Broadcom claimed that Qualcomm, the world's second-biggest maker of chips for mobile phones, refused to license its patents on fair terms to would-be competitors. A federal judge had dismissed the lawsuit, but the U.S. 3rd Circuit Court of Appeals reversed that decision.
The ruling is another blow to San Diego-based Qualcomm, which has been fighting Broadcom's plans to challenge its share of the market for chips that run mobile phones.
In July, Irvine-based Broadcom won a ruling to have U.S. imports of cellphones containing Qualcomm's latest chips halted because they violated Broadcom patents. It also has won jury verdicts in two federal patent infringement trials involving Qualcomm this year.
The appellate decision came after the markets closed. Broadcom shares rose 94 cents to $35.44. Qualcomm rose 12 cents to $40.01.
The antitrust lawsuit accused Qualcomm of persuading an industry group setting standards for certain mobile-phone chips to include Qualcomm technology by promising to license its patents to anyone who complied with the standard.
Instead, Broadcom claimed, Qualcomm committed "patent hold-up" by charging higher rates to anyone who didn't use its chips.

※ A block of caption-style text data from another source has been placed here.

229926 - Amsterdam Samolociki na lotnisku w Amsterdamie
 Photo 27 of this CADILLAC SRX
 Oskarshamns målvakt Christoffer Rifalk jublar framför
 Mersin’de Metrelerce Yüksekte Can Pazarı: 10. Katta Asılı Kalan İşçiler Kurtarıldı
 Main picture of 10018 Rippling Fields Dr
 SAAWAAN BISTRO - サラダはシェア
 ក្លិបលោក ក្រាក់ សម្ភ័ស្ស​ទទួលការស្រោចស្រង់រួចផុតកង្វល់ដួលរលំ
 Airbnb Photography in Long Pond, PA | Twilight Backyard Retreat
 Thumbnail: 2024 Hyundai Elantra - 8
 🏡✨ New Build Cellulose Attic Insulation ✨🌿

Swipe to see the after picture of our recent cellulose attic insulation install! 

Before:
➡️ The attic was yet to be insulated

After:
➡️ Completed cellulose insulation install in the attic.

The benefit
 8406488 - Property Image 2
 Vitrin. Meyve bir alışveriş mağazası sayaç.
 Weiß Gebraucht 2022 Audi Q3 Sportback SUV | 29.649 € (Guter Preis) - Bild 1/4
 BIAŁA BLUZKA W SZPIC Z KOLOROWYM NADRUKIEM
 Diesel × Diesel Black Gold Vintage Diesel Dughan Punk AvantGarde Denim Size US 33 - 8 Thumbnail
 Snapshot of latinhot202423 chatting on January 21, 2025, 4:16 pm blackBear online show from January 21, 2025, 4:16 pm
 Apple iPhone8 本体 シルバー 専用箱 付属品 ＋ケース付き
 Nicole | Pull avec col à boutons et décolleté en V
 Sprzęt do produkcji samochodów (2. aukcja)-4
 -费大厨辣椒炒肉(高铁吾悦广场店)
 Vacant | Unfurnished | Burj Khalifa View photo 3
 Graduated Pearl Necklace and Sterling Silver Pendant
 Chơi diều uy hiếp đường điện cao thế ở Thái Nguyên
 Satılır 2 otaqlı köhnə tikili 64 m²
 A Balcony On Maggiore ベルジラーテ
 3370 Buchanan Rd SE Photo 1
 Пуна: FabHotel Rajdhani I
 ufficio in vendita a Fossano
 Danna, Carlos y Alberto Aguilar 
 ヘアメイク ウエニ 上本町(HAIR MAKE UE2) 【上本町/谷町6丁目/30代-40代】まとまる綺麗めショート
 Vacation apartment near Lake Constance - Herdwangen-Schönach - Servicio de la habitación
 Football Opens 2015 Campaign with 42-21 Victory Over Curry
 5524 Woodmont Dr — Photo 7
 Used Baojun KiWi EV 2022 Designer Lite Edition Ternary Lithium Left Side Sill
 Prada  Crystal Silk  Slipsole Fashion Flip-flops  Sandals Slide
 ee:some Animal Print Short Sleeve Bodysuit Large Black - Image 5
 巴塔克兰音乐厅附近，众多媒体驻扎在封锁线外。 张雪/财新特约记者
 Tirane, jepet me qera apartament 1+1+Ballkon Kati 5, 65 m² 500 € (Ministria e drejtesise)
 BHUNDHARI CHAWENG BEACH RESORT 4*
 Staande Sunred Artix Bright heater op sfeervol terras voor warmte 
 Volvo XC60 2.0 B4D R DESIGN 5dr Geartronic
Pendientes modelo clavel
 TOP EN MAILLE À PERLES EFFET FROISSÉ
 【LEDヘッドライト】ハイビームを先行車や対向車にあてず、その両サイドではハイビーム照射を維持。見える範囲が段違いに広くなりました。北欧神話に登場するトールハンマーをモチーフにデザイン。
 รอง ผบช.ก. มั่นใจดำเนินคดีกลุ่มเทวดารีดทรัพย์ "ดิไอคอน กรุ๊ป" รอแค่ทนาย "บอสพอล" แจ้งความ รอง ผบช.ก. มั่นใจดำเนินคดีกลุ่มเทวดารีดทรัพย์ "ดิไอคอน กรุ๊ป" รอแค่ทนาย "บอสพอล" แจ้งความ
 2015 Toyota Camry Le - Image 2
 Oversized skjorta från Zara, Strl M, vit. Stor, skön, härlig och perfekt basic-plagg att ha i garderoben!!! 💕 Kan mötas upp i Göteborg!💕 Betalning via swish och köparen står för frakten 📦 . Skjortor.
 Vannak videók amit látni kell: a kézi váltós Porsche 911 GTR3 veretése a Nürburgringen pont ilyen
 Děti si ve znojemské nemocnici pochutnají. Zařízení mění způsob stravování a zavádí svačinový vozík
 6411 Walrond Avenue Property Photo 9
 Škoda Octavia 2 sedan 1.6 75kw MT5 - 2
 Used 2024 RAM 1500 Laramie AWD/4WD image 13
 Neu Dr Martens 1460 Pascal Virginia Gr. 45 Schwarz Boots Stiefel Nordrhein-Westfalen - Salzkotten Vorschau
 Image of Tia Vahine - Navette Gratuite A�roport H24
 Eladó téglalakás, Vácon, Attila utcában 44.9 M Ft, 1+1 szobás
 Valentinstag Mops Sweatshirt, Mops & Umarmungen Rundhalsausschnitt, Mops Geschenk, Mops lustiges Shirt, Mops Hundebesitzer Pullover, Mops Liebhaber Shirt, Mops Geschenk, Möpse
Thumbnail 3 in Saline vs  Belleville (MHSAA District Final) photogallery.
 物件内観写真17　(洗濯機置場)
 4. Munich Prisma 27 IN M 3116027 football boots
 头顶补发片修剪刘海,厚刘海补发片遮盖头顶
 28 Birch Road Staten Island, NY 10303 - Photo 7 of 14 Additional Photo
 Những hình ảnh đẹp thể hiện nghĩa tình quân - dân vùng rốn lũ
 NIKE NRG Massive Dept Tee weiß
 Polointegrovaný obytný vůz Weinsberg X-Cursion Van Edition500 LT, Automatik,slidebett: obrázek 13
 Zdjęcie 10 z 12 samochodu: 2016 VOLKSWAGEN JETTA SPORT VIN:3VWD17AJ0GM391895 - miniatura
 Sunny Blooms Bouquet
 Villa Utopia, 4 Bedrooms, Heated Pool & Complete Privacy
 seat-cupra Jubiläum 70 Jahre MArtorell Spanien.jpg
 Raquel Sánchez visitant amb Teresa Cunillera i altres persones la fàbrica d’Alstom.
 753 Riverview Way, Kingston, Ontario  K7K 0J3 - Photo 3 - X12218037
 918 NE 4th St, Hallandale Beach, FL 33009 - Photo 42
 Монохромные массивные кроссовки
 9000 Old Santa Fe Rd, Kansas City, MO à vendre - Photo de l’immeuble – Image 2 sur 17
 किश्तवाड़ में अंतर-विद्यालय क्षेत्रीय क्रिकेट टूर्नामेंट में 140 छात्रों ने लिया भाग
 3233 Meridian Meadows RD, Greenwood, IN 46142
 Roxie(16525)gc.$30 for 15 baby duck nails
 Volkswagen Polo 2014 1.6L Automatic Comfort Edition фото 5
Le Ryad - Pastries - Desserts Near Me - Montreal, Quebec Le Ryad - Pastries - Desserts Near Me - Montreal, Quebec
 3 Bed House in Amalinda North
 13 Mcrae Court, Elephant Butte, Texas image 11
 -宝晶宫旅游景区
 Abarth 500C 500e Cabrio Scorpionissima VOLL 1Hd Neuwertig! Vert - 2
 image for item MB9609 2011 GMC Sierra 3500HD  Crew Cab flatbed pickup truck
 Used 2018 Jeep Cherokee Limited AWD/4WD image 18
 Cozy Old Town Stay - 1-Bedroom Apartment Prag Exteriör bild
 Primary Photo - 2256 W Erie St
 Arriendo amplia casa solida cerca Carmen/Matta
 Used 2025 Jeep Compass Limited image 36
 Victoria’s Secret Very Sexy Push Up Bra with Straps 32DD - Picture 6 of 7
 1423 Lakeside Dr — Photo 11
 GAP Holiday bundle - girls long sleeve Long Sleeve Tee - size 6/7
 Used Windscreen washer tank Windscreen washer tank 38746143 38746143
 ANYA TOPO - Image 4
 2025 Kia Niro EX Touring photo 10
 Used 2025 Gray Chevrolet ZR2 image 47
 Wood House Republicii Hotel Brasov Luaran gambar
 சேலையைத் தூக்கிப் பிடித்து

Qualcomm's pledge to license its patents on fair terms "was an essential part of its competitive effort to win inclusion of its patented technology" in the standard, the appeals court said. "Conduct that impairs the opportunities of rivals and either does not further competition on the merits or does so in an unnecessarily restrictive way may be deemed anticompetitive."
The court did uphold the dismissal of some Broadcom claims.
"We are pleased that we will get our day in court and will have the opportunity to show how Qualcomm's conduct violates our nation's antitrust laws," said David A. Dull, Broadcom's general counsel.
Qualcomm said that it "vigorously disputes Broadcom's remaining allegations and is confident that judgment will ultimately be entered in its favor."